Noi, nel frattempo, pedaliamo ancora, in attesa del posto di lavoro perché siamo PSICOLOGI e DOBBIAMO esercitare.

E se pensate che la battaglia alla tutela della professione si esaurisca lì, vi sbagliate di grosso. Mi duole scrivere questo, ma ho fugato ogni dubbio: spesso i principali nemici degli psicologi sono… gli psicologi!

Rivelatore, il web e, soprattutto, i gruppi sui social network che, nel bene e nel male, possono fornire uno spaccato della nostra categoria.

E così, da oasi nel deserto quali in realtà sono, da miniere d’oro in cui seri e preparati professionisti si mettono a disposizione di tutti in nome della colleganza, i gruppi social si trasformano, a volte, in aridi campi di battaglia e, come tutti i terreni aridi, per nulla fruttuosi.

Quello che si nota nei thread è, quasi sempre, uno scivolamento monotematico che vorrebbe decretare una sorta di vincitore, il più valido modello teorico, l’approccio più efficace o il percorso formativo migliore. Sapete, mi viene in mente il verdetto del dodo, ma stavolta, a mio avviso, non ci sarà neppure un vincitore tra di noi, solo fratture che indeboliscono la professione tutta. Così, per ogni sterile diatriba inter nos, ahimè, un vincitore là fuori c’è. E non è certo uno psicologo.

Ecco, sono convinto che esercitare voglia dire anche tutelarsi, difendersi e rimanere COMPATTI soprattutto in un momento storico in cui la nostra professione, che arranca ancora, è nel mirino di ciarlatani, pseudoprifessionisti e tuttologi senza scrupoli che, oltre a minare la categoria, si insidiano, con la seduzione e l’inganno, in una società distratta e sofferente che grida aiuto.
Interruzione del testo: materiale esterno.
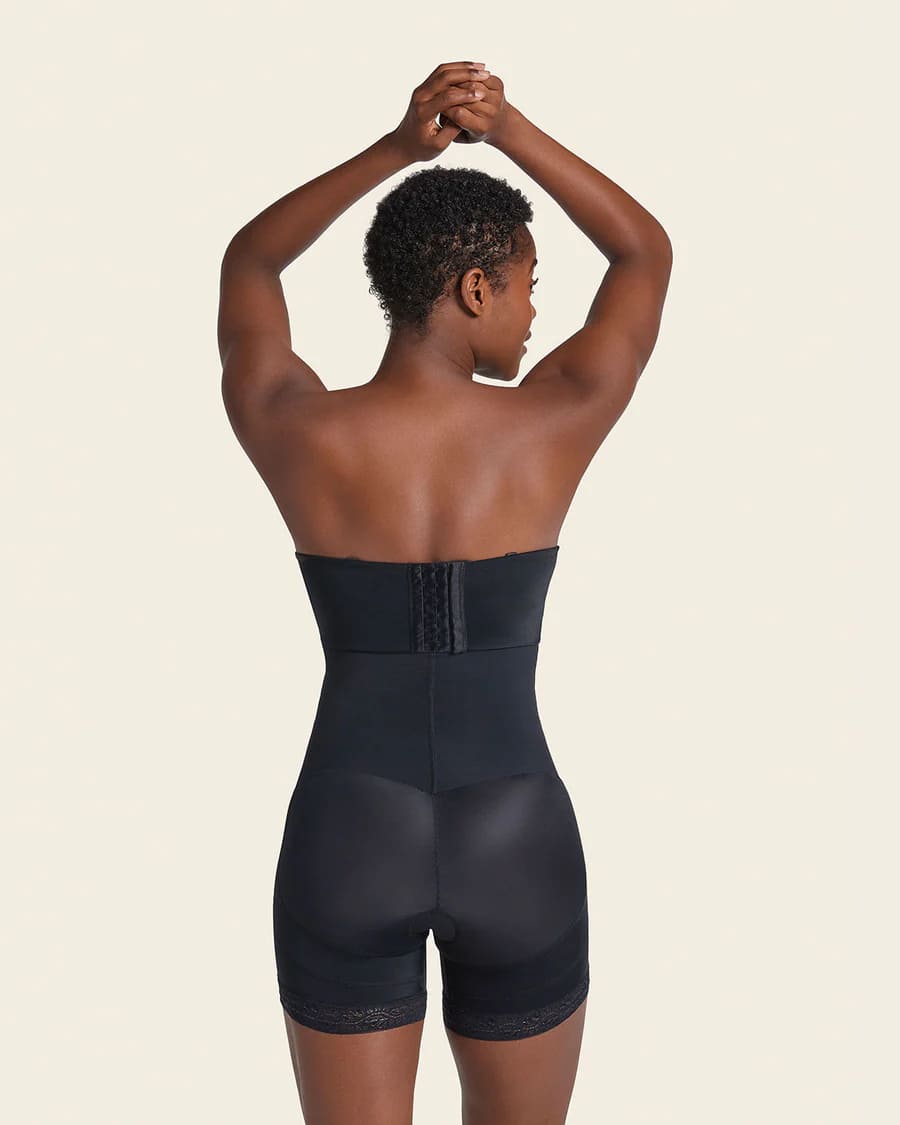 Vista trasera de la faja negra de Leonisa con realce natural de glúteos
Non sarà meglio iniziare a vederci come una categoria di professionisti coesi e pronti a pianificare la difensiva con azioni congiunte e mirate? Non sarà che l’unione fa davvero la forza e che il dialogo può essere la chiave per preservarci da intrusi e impostori? E non sarà, anche, che la società ha bisogno di professionisti adeguatamente formati e che noi abbiamo il dovere di rispondere a tale necessità?